Captioned web image data
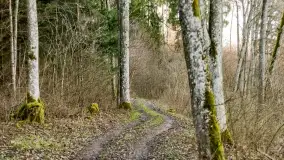 Mazurski las u progu wiosny, marzec 2020 - zdjęcie 47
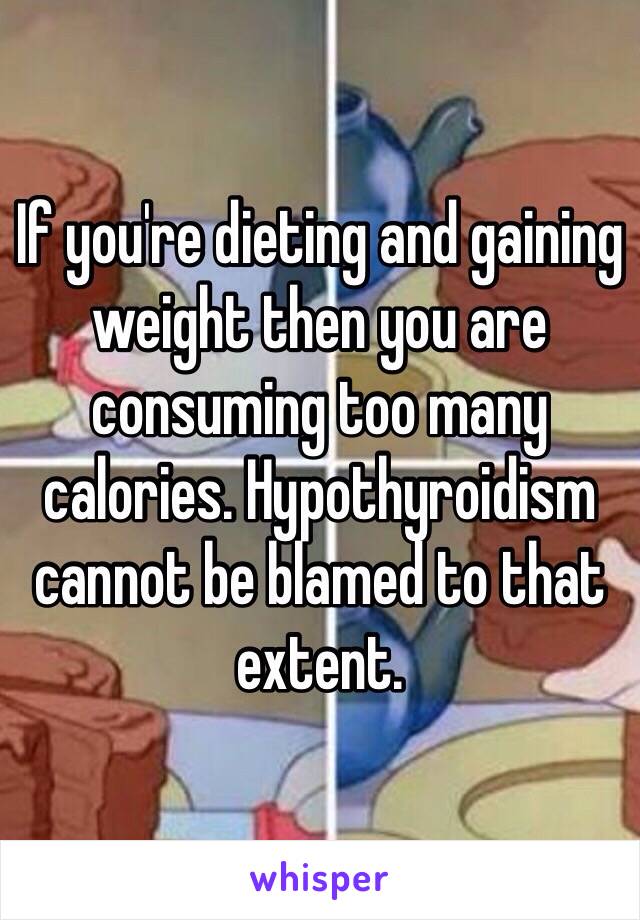 If you're dieting and gaining weight then you are consuming too many calories. Hypothyroidism cannot be blamed to that extent. 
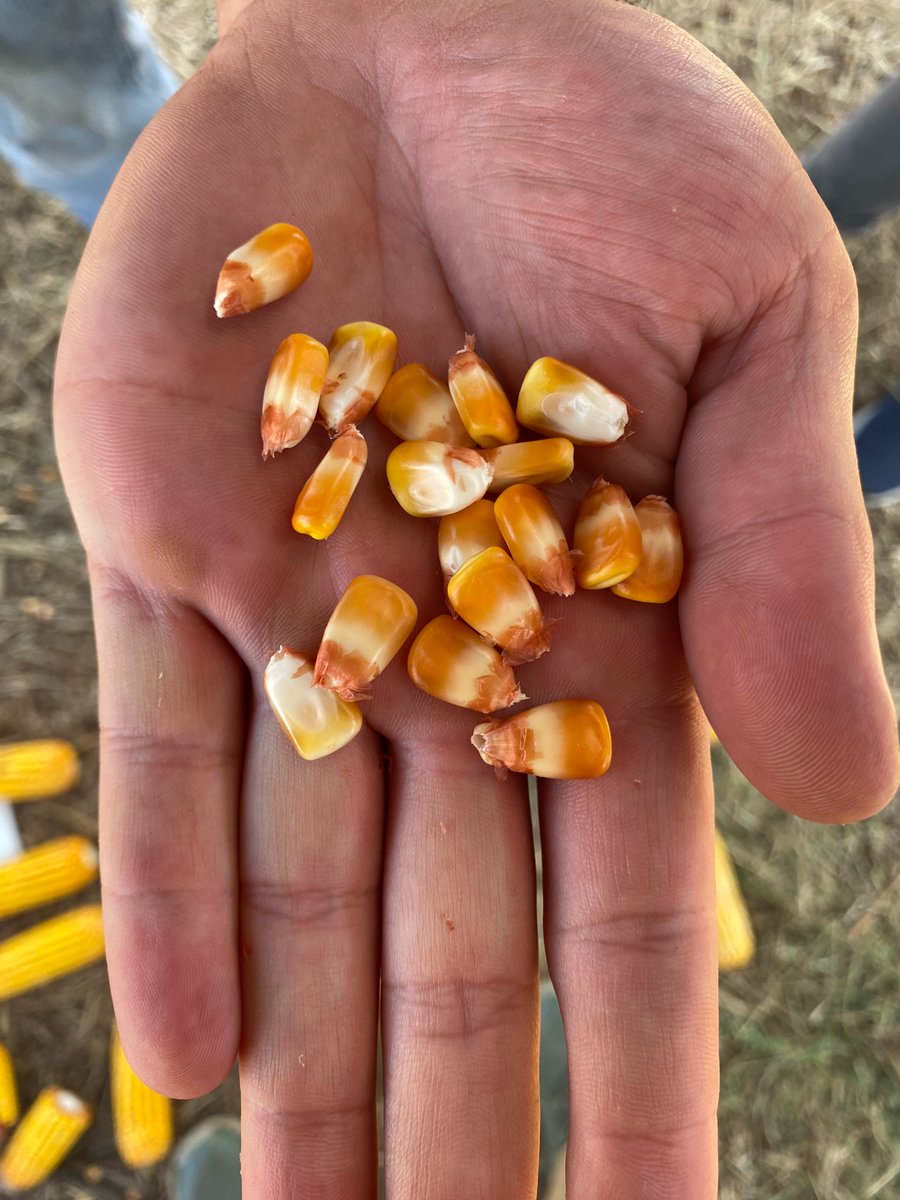 JustoMacL's tweet photo. Último y lo nuevo!

DK69-62 🌽🆕🔜

Híbrido 🔝, ciclo corto, muy alto potencial de rendimiento, nadie lo supera en ambientes de 80-110 qq. Temp o tardío. Ciclo ~ DK69-10. Secado 🔝.

Llevate algunas bolsas para hacer un ensayo con @FieldViewArg y contanos como te fue!
🧵 https://t.co/3CDJJChv80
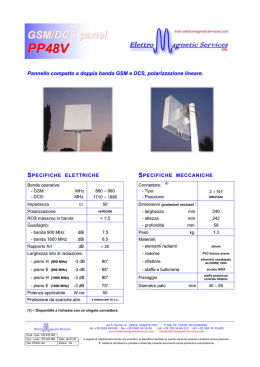 GSM/DCS panel PP48V - ElettroMagnetic Services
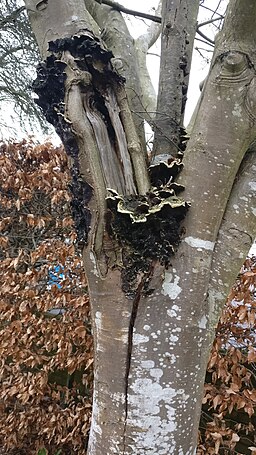 Gezonter Ohrlappenpilz, Auricularia mesenterica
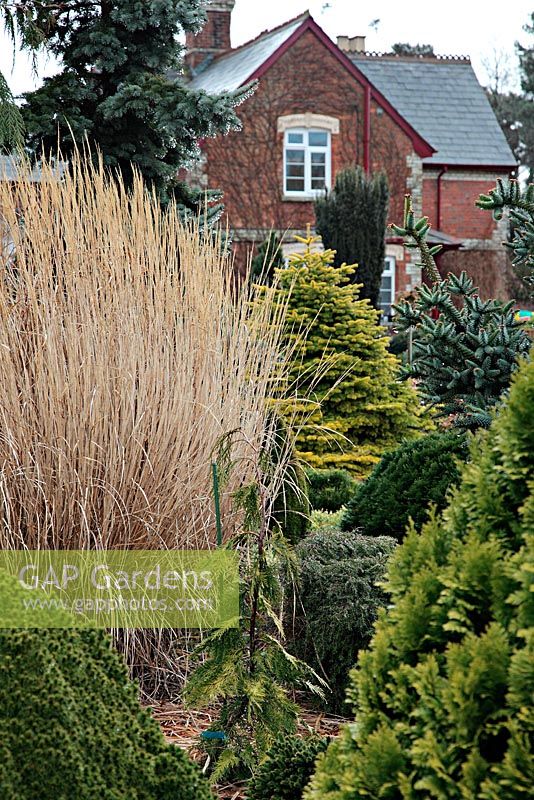 Miscanthus sinensis and the golden Abies nordmanniana 'Golden Spreader' AGM during winter at Foxhollow Garden near Poole, Dorset
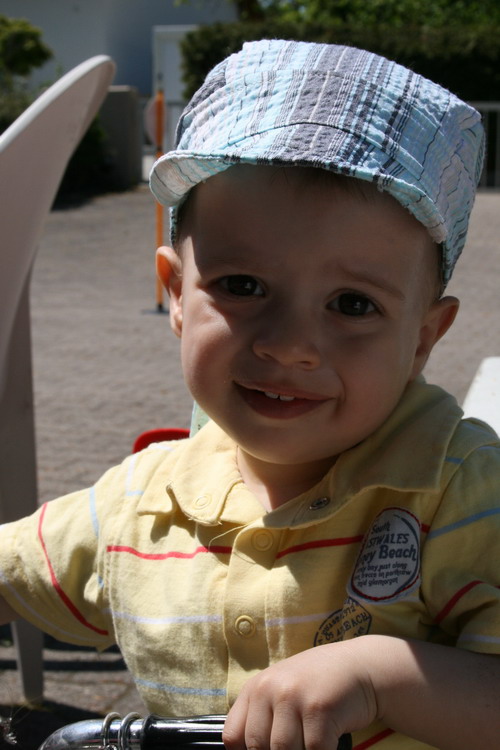 Schildbandana fr....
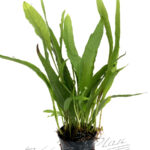 Microsorium pteropus "ESMERALDA"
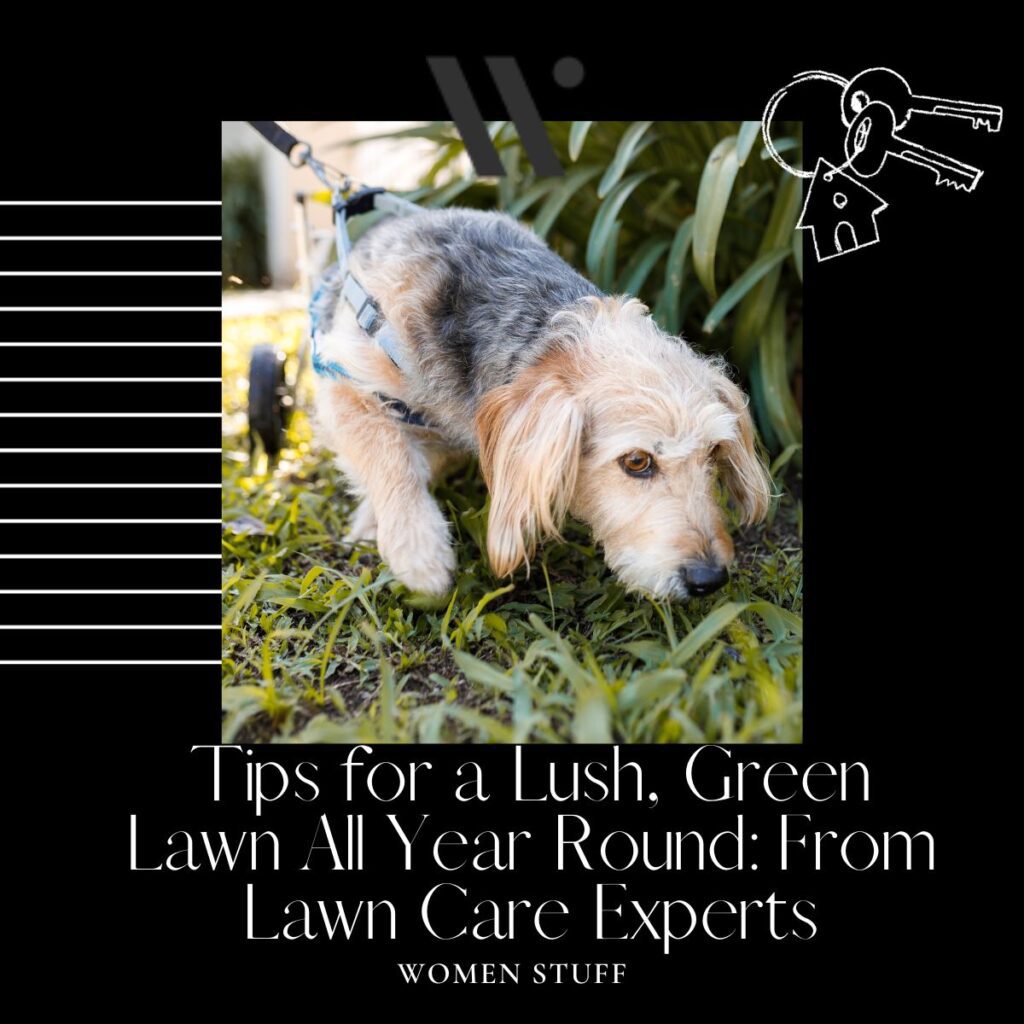 WS Tips for a Lush, Green Lawn All Year Round From Lawn Care Experts
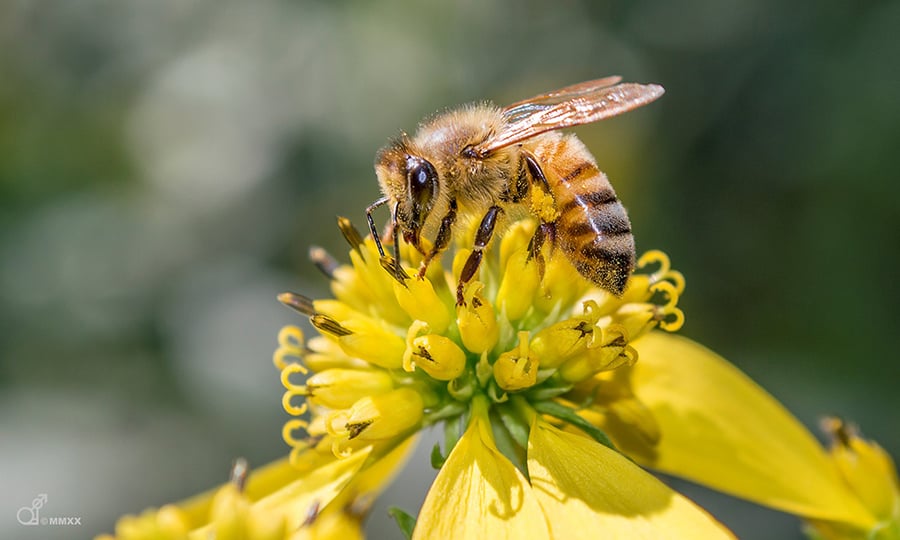 A honeybee sucks nutrients from a yellow flower.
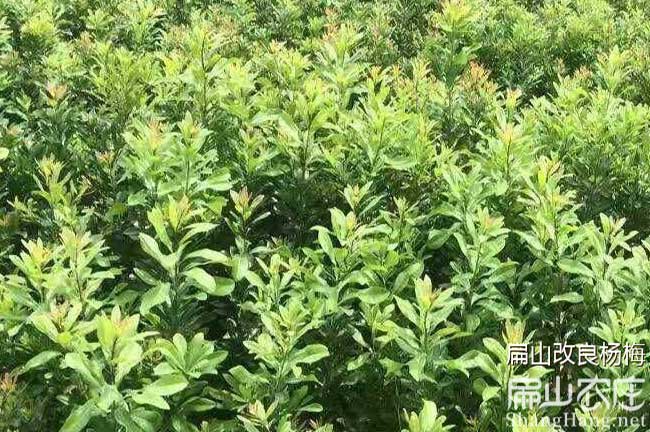 廣西東魁楊梅苗批發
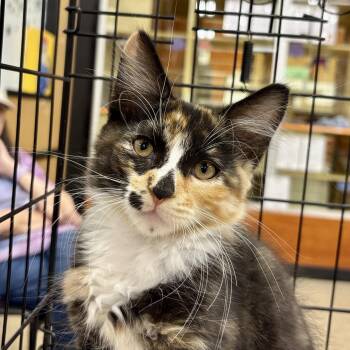 Everly -  Domestic Medium Hair Cat for Adoption in Sonora, California - Everly | PetCurious
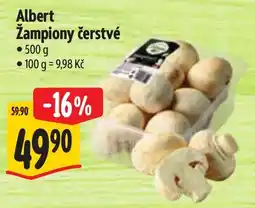 Albert Albert Žampiony čerstvé nabídka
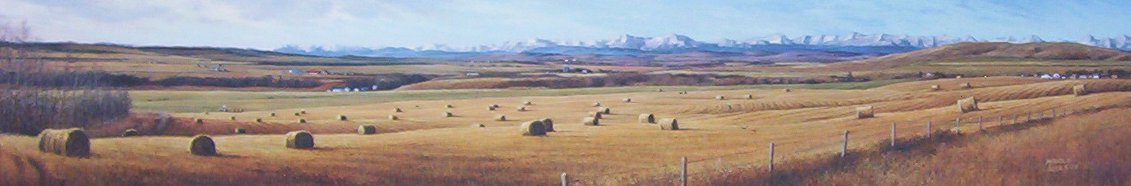 Marla Wilson - Turner Valley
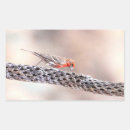 Recherche de finch autocollants Faune
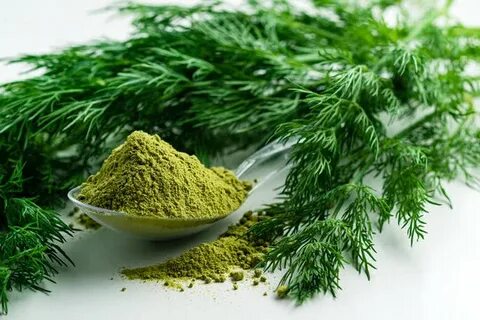 خرید نقدی شوید خشک اعلا + تخفیف ویژه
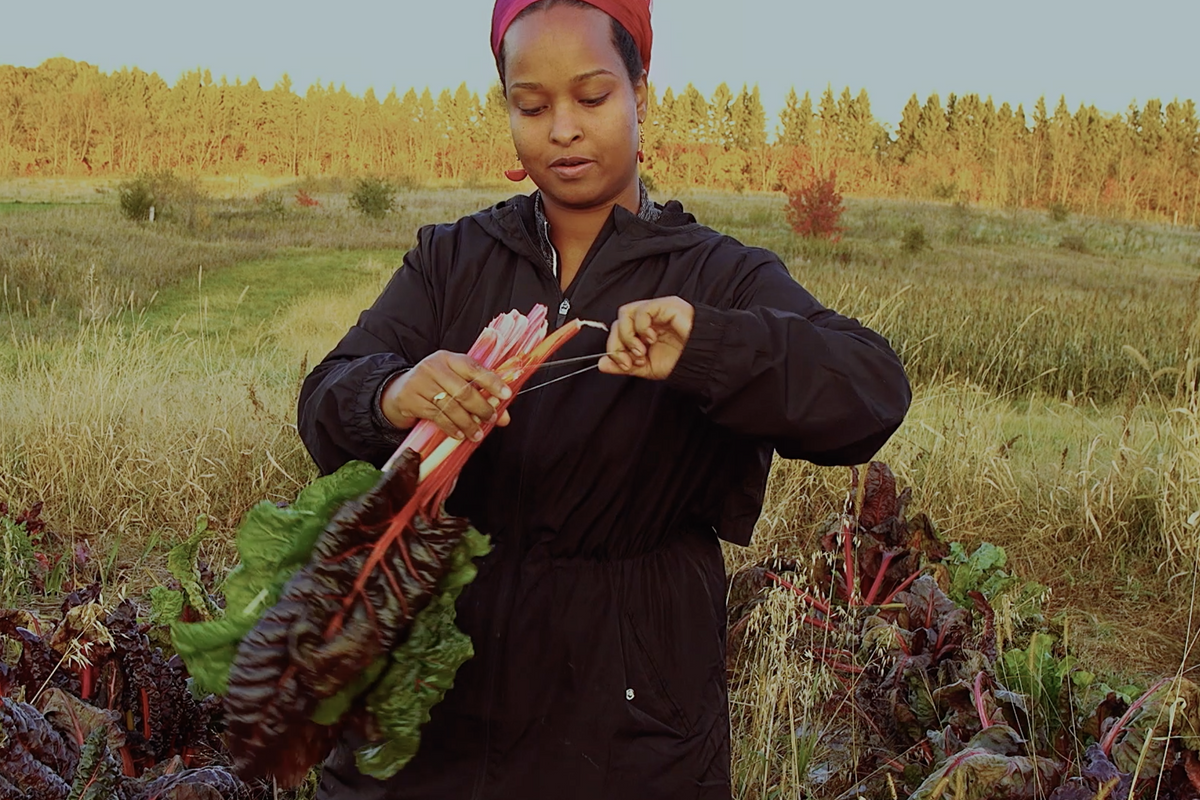 This Somali Farmer Wants To Harvest Her Culture in America's Midwest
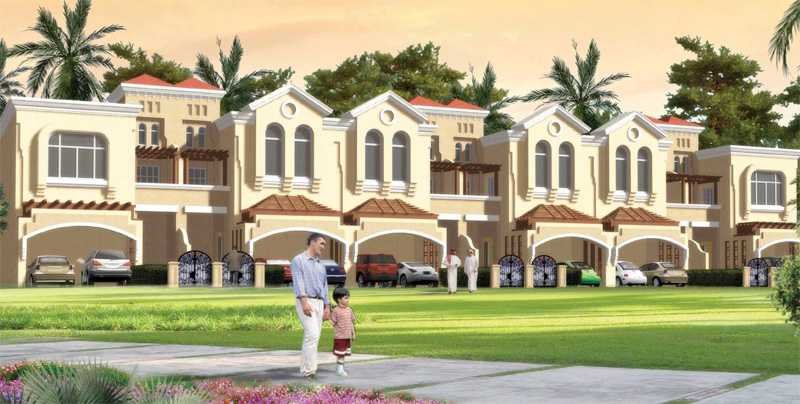 معلومات عن صحارى ميدوز
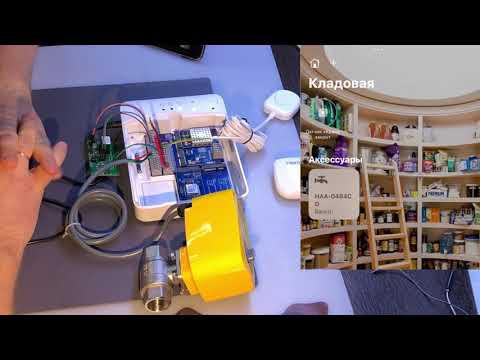 Видео: Neptun Smart+ в HomeKit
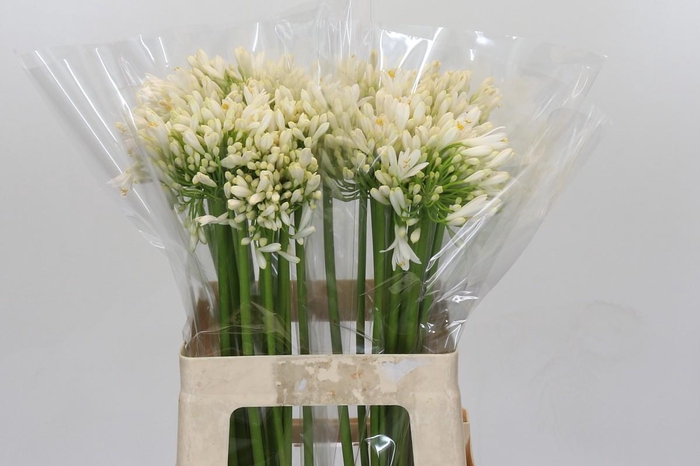 <h4>Agapanthus White Heaven</h4>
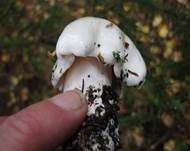 Seidiger Ritterling, Foto 9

> **Requirement**: The reply must match the records exactly, apart from the pictures, which are left out.

> **Answer to the exercise**:
 Mazurski las u progu wiosny, marzec 2020 - zdjęcie 47
 If you're dieting and gaining weight then you are consuming too many calories. Hypothyroidism cannot be blamed to that extent. 
 JustoMacL's tweet photo. Último y lo nuevo!

DK69-62 🌽🆕🔜

Híbrido 🔝, ciclo corto, muy alto potencial de rendimiento, nadie lo supera en ambientes de 80-110 qq. Temp o tardío. Ciclo ~ DK69-10. Secado 🔝.

Llevate algunas bolsas para hacer un ensayo con @FieldViewArg y contanos como te fue!
🧵 https://t.co/3CDJJChv80
 GSM/DCS panel PP48V - ElettroMagnetic Services
 Gezonter Ohrlappenpilz, Auricularia mesenterica
 Miscanthus sinensis and the golden Abies nordmanniana 'Golden Spreader' AGM during winter at Foxhollow Garden near Poole, Dorset
 Schildbandana fr....
 Microsorium pteropus "ESMERALDA"
 WS Tips for a Lush, Green Lawn All Year Round From Lawn Care Experts
 A honeybee sucks nutrients from a yellow flower.
 廣西東魁楊梅苗批發
 Everly -  Domestic Medium Hair Cat for Adoption in Sonora, California - Everly | PetCurious
 Albert Albert Žampiony čerstvé nabídka
 Marla Wilson - Turner Valley
 Recherche de finch autocollants Faune
 خرید نقدی شوید خشک اعلا + تخفیف ویژه
 This Somali Farmer Wants To Harvest Her Culture in America's Midwest
 معلومات عن صحارى ميدوز
 Видео: Neptun Smart+ в HomeKit
 <h4>Agapanthus White Heaven</h4>
 Seidiger Ritterling, Foto 9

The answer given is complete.